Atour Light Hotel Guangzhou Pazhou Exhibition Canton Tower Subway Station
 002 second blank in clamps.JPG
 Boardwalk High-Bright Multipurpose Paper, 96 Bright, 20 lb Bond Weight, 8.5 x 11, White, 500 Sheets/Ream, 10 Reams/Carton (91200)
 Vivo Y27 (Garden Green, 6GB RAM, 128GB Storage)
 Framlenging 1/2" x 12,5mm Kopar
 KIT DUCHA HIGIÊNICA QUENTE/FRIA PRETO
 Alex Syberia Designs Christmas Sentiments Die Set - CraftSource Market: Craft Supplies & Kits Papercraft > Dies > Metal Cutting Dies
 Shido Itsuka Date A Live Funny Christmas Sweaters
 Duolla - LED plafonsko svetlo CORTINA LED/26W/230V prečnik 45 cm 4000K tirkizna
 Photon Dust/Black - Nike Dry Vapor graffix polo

◆ **Task to complete**
Everything in the data above is to be given again, unchanged.

◆ **Problem solution**
Atour Light Hotel Guangzhou Pazhou Exhibition Canton Tower Subway Station
 002 second blank in clamps.JPG
 Boardwalk High-Bright Multipurpose Paper, 96 Bright, 20 lb Bond Weight, 8.5 x 11, White, 500 Sheets/Ream, 10 Reams/Carton (91200)
 Vivo Y27 (Garden Green, 6GB RAM, 128GB Storage)
 Framlenging 1/2" x 12,5mm Kopar
 KIT DUCHA HIGIÊNICA QUENTE/FRIA PRETO
 Alex Syberia Designs Christmas Sentiments Die Set - CraftSource Market: Craft Supplies & Kits Papercraft > Dies > Metal Cutting Dies
 Shido Itsuka Date A Live Funny Christmas Sweaters
 Duolla - LED plafonsko svetlo CORTINA LED/26W/230V prečnik 45 cm 4000K tirkizna
 Photon Dust/Black - Nike Dry Vapor graffix polo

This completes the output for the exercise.